By the time the Shafias arrived in Canada in June 2007, the family of 10 had travelled more than halfway around the world and lived in five different countries. The older children were being educated in an English-speaking American school in Dubai. But university would be a more expensive proposition for Shafia's growing family, so they looked to Canada. Tooba had family in Montreal and they launched a two-year application process to move to Canada.
Again, Rona would be the sticking point with immigration officials. She spent several months back in Europe after the family left for Canada, staying with her sister in France and Tooba's brother in Germany, before getting a visa. Polygamous marriages are not acknowledged in Canada so they concocted the story that Rona was a relative who helped with domestic chores around the house.

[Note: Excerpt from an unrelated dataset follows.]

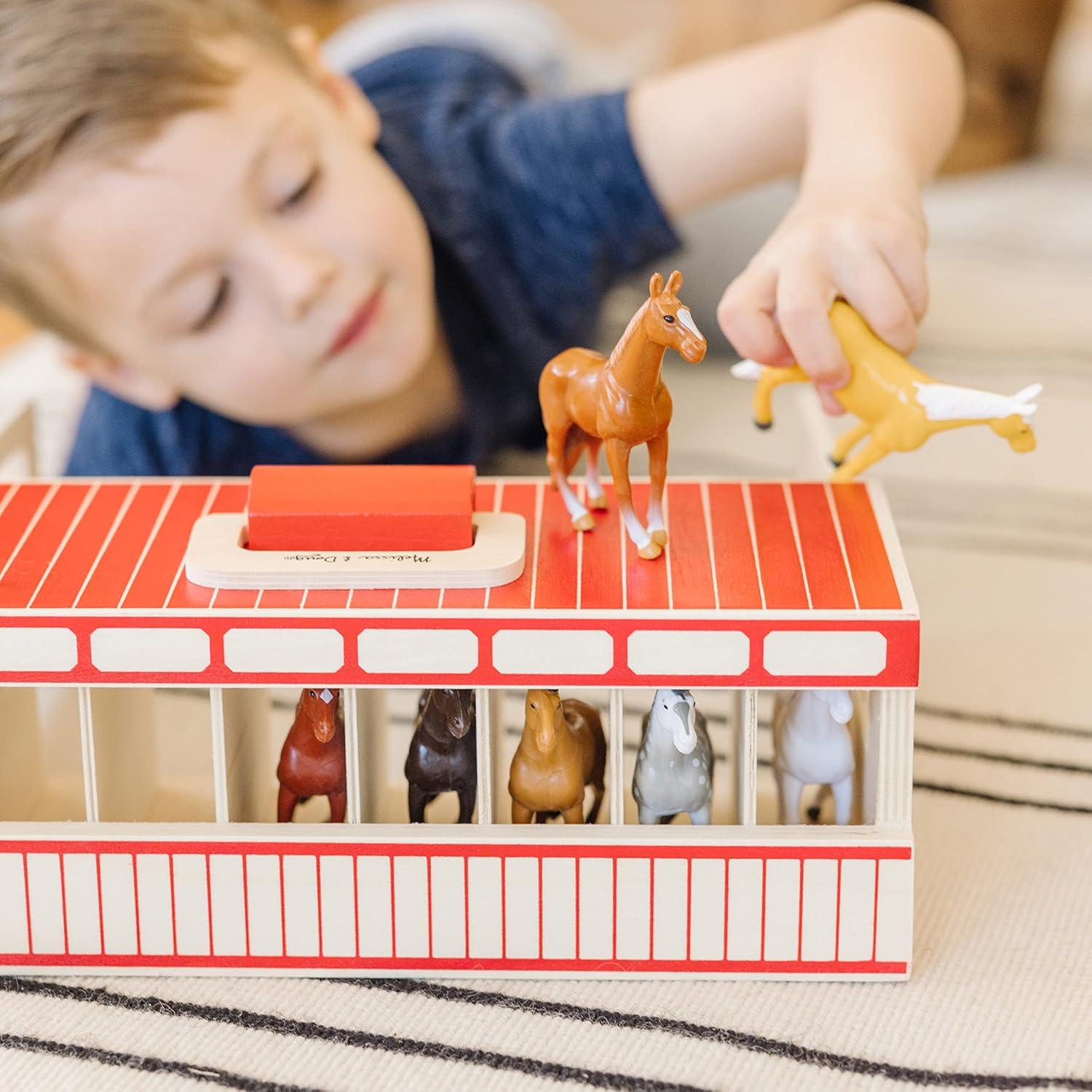 imageMelissa ampamp Doug TakeAlong ShowHorse Stable Play Set with Wooden Stable Box and 8 Toy HorsesShowHorse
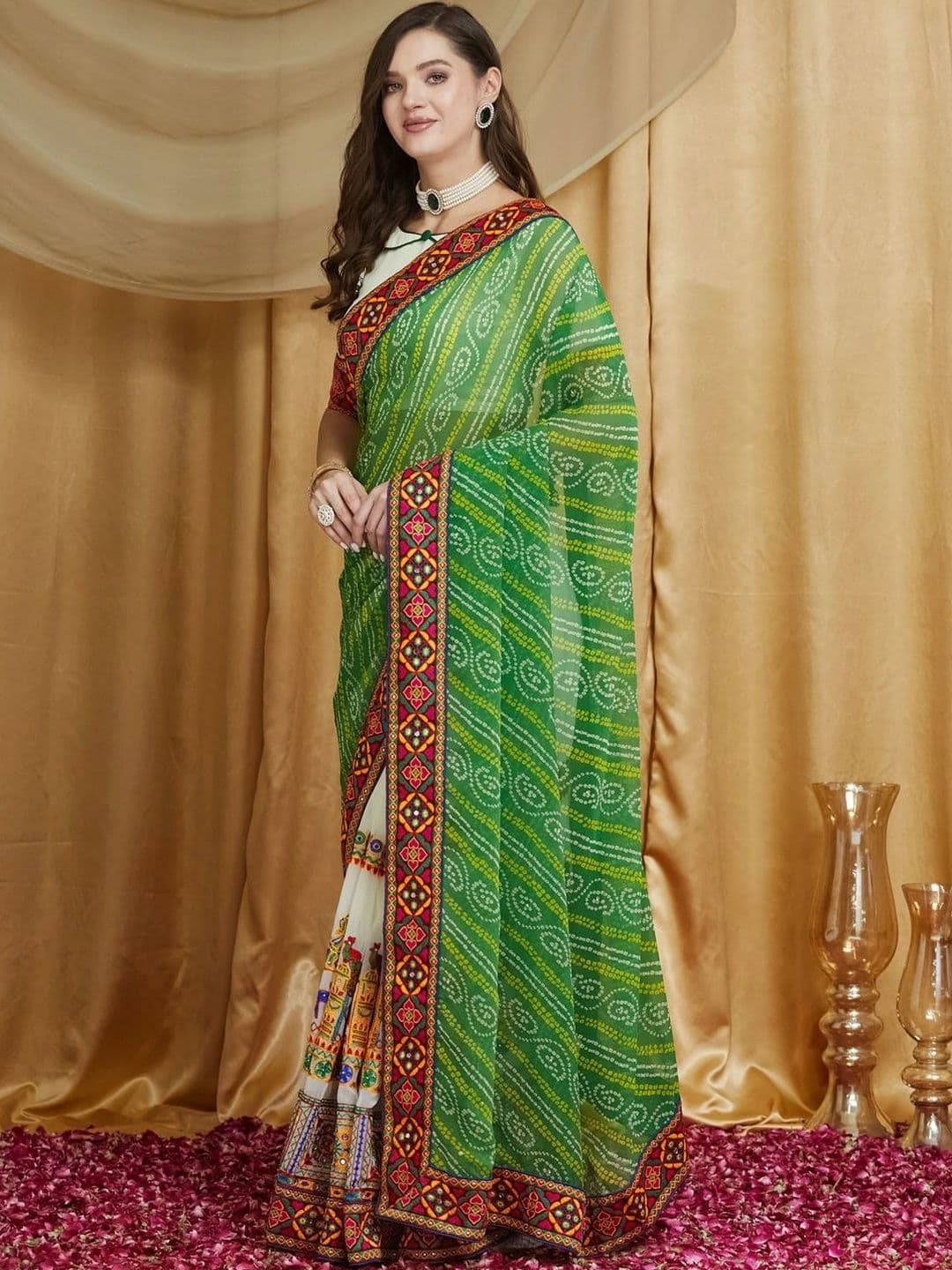 Sangria Bandhani Embroidered Pure Georgette Half and Half Bandhani Saree thumbnail 7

In her diary, Rona describes the last 24 hours the family spent together in Dubai, on the verge of their new life in Canada. Mohammad had already arranged to ship the family's kitchen supplies, bedding, and other household goods to Montreal. This was a family used to being on the move.

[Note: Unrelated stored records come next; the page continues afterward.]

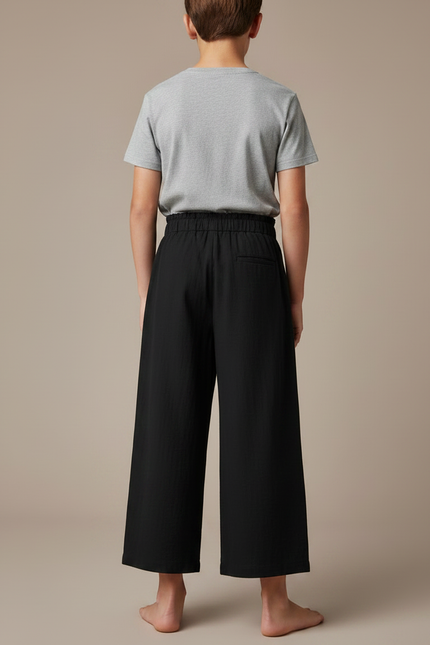 Pantalon Fluide Noir Ample Coton Décontracté Boutons - vue 2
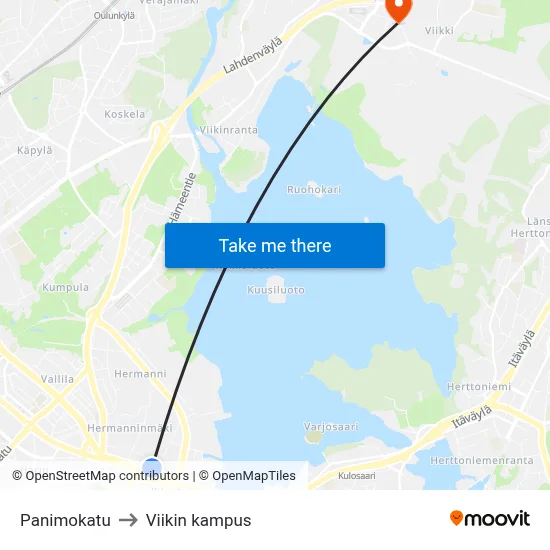Panimokatu to Viikki Campus map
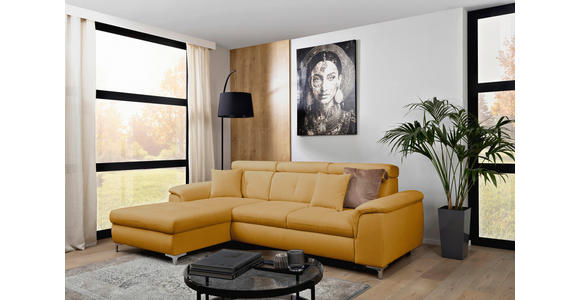 ECKSOFA Senfgelb Flachgewebe  - Chromfarben/Senfgelb, KONVENTIONELL, Textil/Metall (175/268cm) - Carryhome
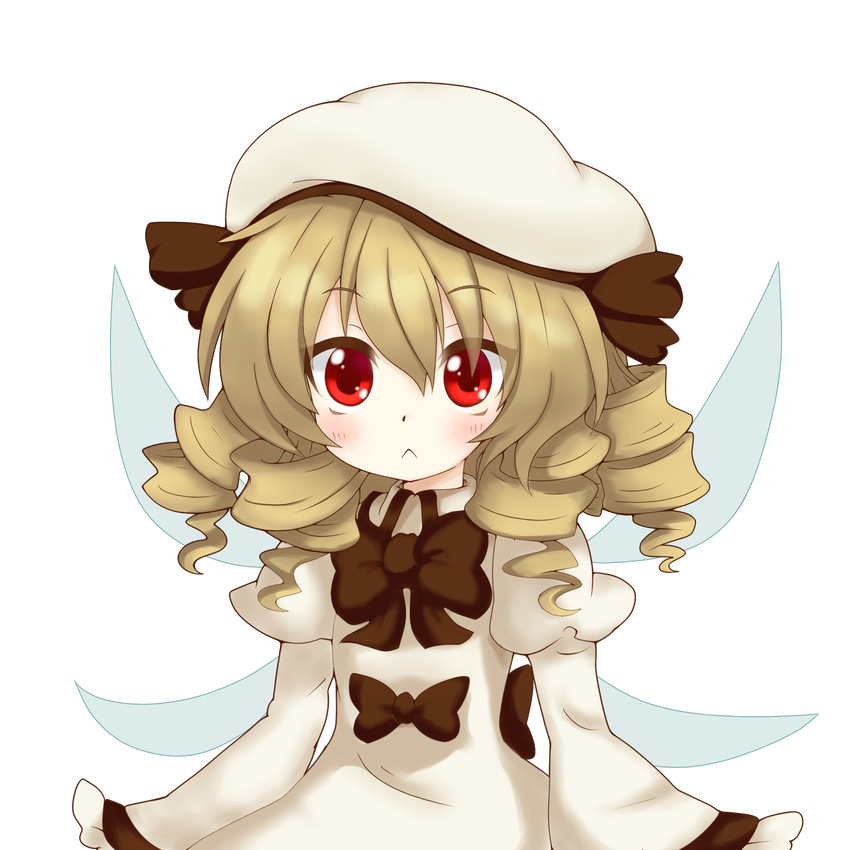 aki_chimaki blonde_hair blush bow brown_hair drill_hair fairy_wings hat highres long_hair luna_child red_eyes solo touhou transparent_background wings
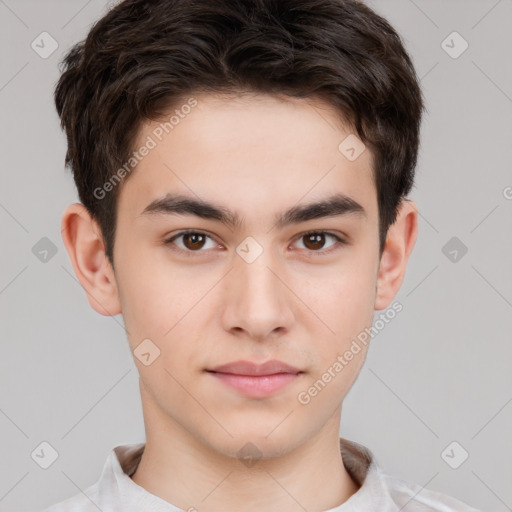 Neutral white young-adult male with short  brown hair and brown eyes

"The night of our departure, I cleared out and cleaned the kitchen and no one slept," Rona writes. "Finally, after morning prayers, everyone got up at five in the morning and prepared to leave. We had some 10 pieces of luggage and departed to the airport in two taxis. My flight was at 8:30 and theirs was at 9:00." Rona flew seven-and-a-half hours to Paris; the nine Shafias travelled 16 hours to Canada with a stopover in London.
Later, in September, Mohammad and Rona reunited in Dubai. He arranged for Rona's three-month visa to Canada and they flew to Montreal on November 6, 2007.

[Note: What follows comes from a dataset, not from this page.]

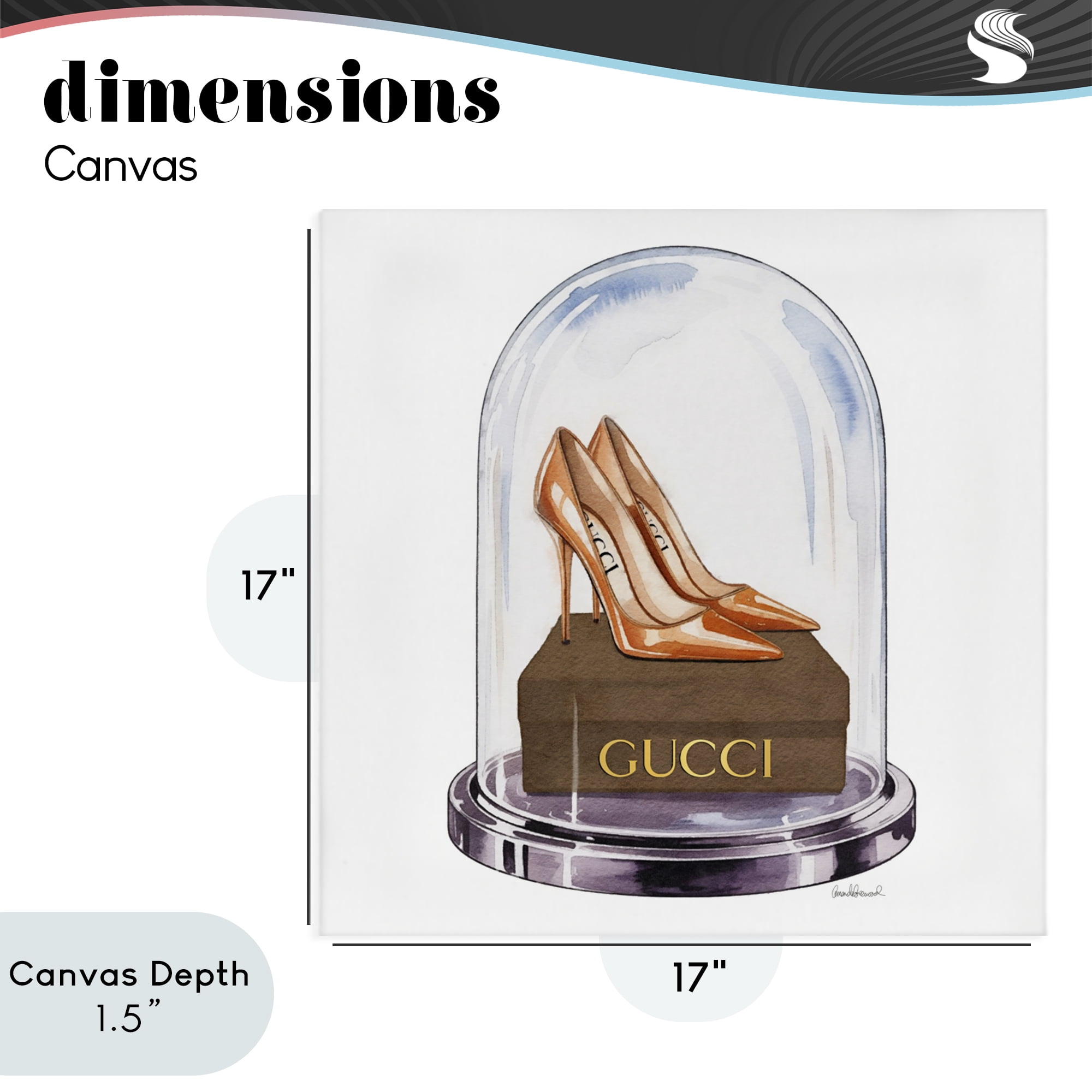 Stupell Industries Satin Heels in Bell Jar Canvas Wall Art, design by Amanda Greenwood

Until she was left behind on this latest move, Mother Rona had never been away from the family; the separation from Sahar, her own daughter adopted within the family, would have been especially hard. And though the reunion in Canada was largely a happy one, Rona describes a frosty reception from Tooba, who soon informed Rona she should have stayed with her family in France and that her time in Canada probably wouldn't last long.
For years, Tooba had worked to wrest control of the family finances from Rona and supplant her in Mohammad's bed. The few months already spent in Canada, where Tooba was officially listed as Shafia's only wife, had cemented Tooba's matriarchal dominance in the household.
"She would make me so miserable and upset," Rona writes in her diary. "Sometimes she wouldn't speak to me, so I would go and speak with her because she had my passport. Tooba used to say, 'Your life is in my hands.'"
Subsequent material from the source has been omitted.